Task to carry out. Please reproduce the listing in its entirety, exactly as written, but without images.

(Data)

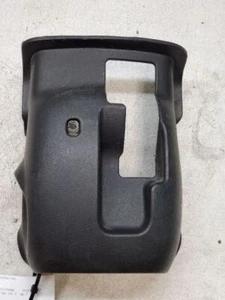 2012 - 2017 Hyundai Accent Steering Column Cover Lower - Picture 1 of 3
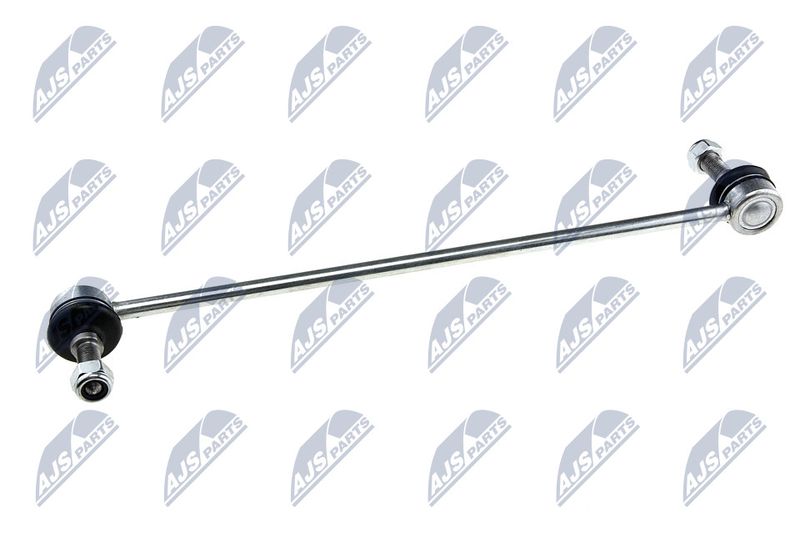 NTY ZLP-CH-028 Link/Coupling Rod, stabiliser bar
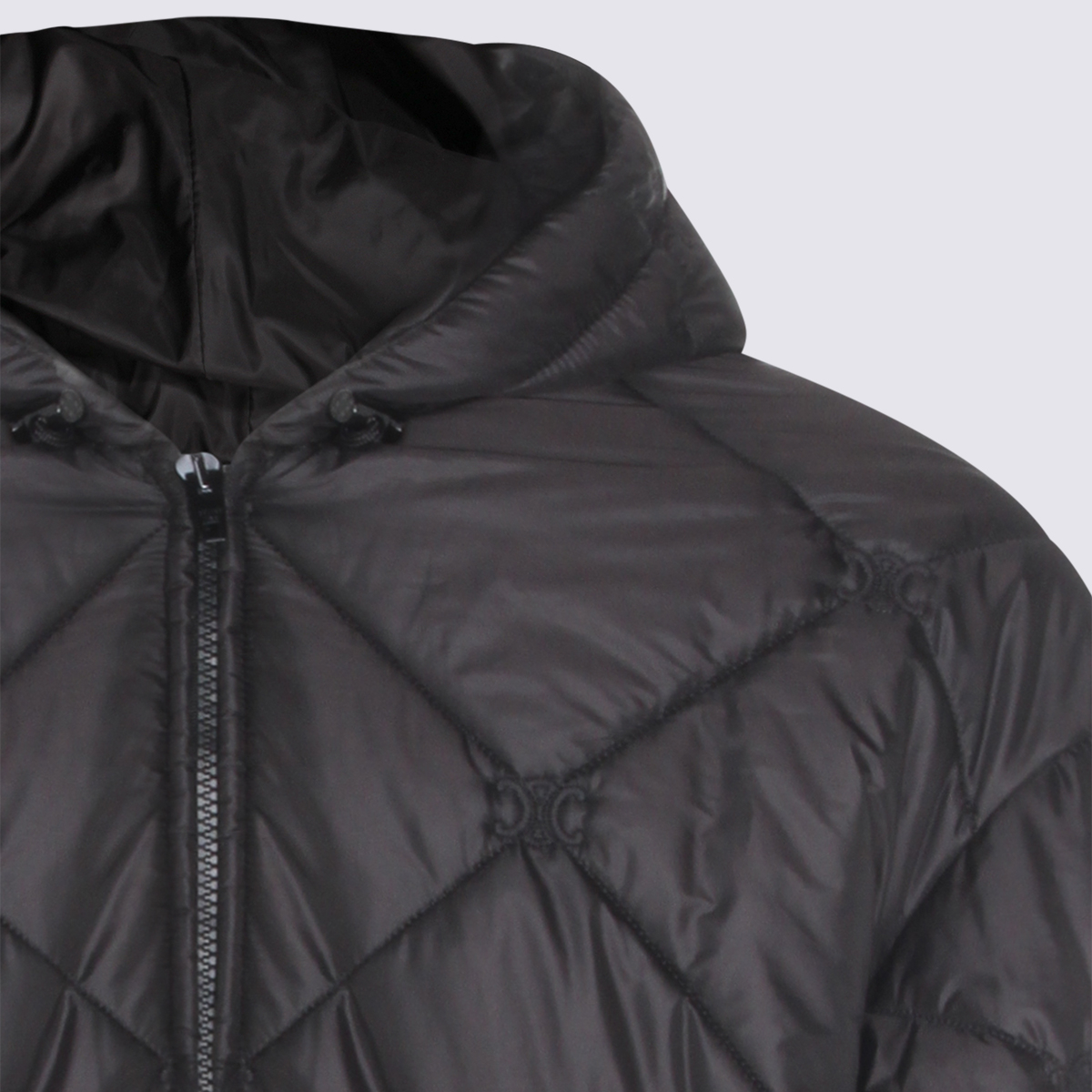 [Celine] Down Jacket SS26 RV14B147438NO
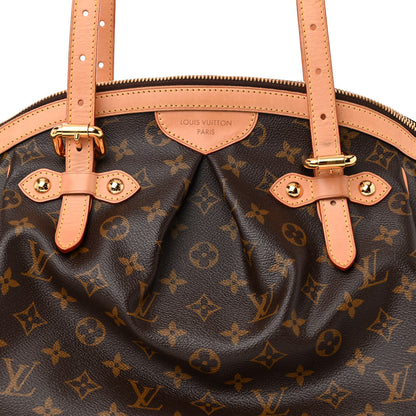 Louis Vuitton Monogram Tivoli GM 7 of 10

(End Data)

Result below.
 2012 - 2017 Hyundai Accent Steering Column Cover Lower - Picture 1 of 3
 NTY ZLP-CH-028 Link/Coupling Rod, stabiliser bar
 [Celine] Down Jacket SS26 RV14B147438NO
 Louis Vuitton Monogram Tivoli GM 7 of 10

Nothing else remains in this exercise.